Calculate PubMLST sequence types using Python

March 29 2024

Background

PubMLST, or Public databases for Molecular Typing and Microbial Genome Diversity, is a web-based platform that provides access to databases of microbial genetic sequences. It is primarily used for microbial typing, strain comparison, and epidemiological studies. The primary purpose of PubMLST is to facilitate the standardization and sharing of microbial sequence data. The databases hosted by PubMLST typically include sequence types (STs), allelic profiles, and sometimes additional metadata for each strain. Users can query the databases, submit their own sequences for analysis, and access tools for phylogenetic analysis, sequence alignment, and other analyses relevant to microbial genomics. Each species has it’s own database.

If you have whole genome sequences you can use pubMLST data to calculate sequence types locally. You might want to do this to avoid having to upload many sequences to the database. This is accomplished below using some Python code. The species Mycoplasma bovis is used in the example but it should work for any species database.

ST and allelic profile

Briefly MLST works by recording alleles for specific set of conserved loci in the genome. Typically 6 or 7 genes/loci are used. Each species has it’s own custom set of loci. Each allele is given a number in order of discovery and so the allelic profile is just a set of numbers allocated to a strain for each locus. This profile is a proxy for genetic relatedness. PubMLST databases then keep a record of strains and their types, allelic profile.

For the example of Mycoplasma bovis there are 7 loci in the scheme, developed by Karen Register (USDA). You can get an idea of what the profiles look like below:

Retrieving profiles and known sequences

PubMLST has a REST interface for web requests.
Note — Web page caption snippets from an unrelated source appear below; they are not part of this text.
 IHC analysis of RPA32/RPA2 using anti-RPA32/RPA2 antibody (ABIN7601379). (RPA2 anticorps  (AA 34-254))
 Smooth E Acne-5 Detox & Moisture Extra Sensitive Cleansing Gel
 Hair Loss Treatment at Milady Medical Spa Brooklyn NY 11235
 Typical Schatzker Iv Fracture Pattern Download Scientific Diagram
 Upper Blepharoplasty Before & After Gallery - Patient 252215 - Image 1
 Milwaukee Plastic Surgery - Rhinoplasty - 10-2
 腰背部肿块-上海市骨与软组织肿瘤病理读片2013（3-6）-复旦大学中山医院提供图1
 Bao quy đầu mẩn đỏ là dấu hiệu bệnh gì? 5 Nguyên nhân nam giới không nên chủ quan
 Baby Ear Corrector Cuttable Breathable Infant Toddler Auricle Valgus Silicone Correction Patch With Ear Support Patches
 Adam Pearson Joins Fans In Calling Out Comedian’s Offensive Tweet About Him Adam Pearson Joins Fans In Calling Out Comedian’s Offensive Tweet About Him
It can be used to download the profiles of already known strains and the sequences for each locus with all the known alleles and ST number.

Retrieve gene sequences of all alleles for each locus at:

https://rest.pubmlst.org/db/pubmlst_mbovis_seqdef/loci/{locus}/alleles_fasta

Retrieve existing profiles:

https://rest.pubmlst.org/db/pubmlst_mbovis_seqdef/schemes/2/profiles_csv

Code

This code just takes the allele sequences of each locus and blasts the assembly to it. Exact matches to an allele are recored. If there’s no hit that allele is not in the database. We then just decode the numbers into an ST using the profiles data make_blast_database and blast_fasta are utility functions in the tools module of the SNiPgenie package. You can download the code for those methods from here or install the package and import them as below.
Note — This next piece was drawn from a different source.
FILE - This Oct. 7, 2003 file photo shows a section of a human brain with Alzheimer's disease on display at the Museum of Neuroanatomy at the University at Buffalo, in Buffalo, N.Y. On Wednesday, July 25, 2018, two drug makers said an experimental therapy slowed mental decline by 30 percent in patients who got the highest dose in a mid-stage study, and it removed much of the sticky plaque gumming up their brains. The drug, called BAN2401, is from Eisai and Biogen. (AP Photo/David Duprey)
Note the use of a cutoff option for the percentage identity from the blast. This should really be 100% since we want exact hits to each allele. However if you wanted to allow for errors in the query sequence this could be lowered to 99.5 perhaps. This could create false positive hits however.

import os
import pandas as pd
from snipgenie import tools

#loci defined specfic to organism
loci = ['dnaA','gltX','gpsA','gyrB','pta2','tdk','tkt']

for gene in loci:
    db = f'MLST/{gene}.fa'
    tools.make_blast_database(db)

def get_pubmlst_profile(fasta_file, cutoff=100):
    """try to get pubmlst profile for an assembly"""

    profile=[]
    for gene in loci:
        db = f'MLST/{gene}.fa'
        bl = tools.blast_fasta(db, fasta_file)
        bl = bl[(bl.pident>=cutoff)]

        if len(bl)>0:
            #get top result if more than one
            res = bl.iloc[0]
            hit = res.stitle
        else:
            hit = None
        profile.append(hit)
    #extract ST numbers from locus names
    profile = [i[-1:] if i!=None else None for i in profile]
    return profile

def get_st(profile):
    """Get ST from profile"""

    df = pd.read_csv('MLST/profiles.csv',sep='\t').astype(str)
    if None in profile:
        return
    s = ''.join(profile)
    #iterate over profiles to find a match
    for index, row in df.iterrows():
        row_str = ''.join(list(row[1:8]))
        #compare the profile strings
        if s == row_str:
            return row.ST
    return

We can then use the functions to run sequences in a batch. The code below loops over a list of files and adds the results to a dataframe.

res=[]
paths = glob.glob('assembly/*.fa') #path to your fasta files

for file in paths:
    name = os.path.splitext(os.path.basename(file))[0]
    p = get_pubmlst_profile(file)
    st = get_st(p)
    #print(file,p,st)
    res.append([name,p,st])
res=pd.DataFrame(res,columns=['name','profile','ST'])
res.to_csv('st_types.csv',index=False)

References

  1. Register KB, Lysnyansky I, Jelinski MD, Boatwright WD, Waldner M, Bayles DO, Pilo P, Alt DP. Comparison of Two Multilocus Sequence Typing Schemes for Mycoplasma bovis and Revision of the PubMLST Reference Method. J Clin Microbiol. 2020 May 26;58(6):e00283-20. doi: 10.1128/JCM.00283-20. PMID: 32295891; PMCID: PMC7269390.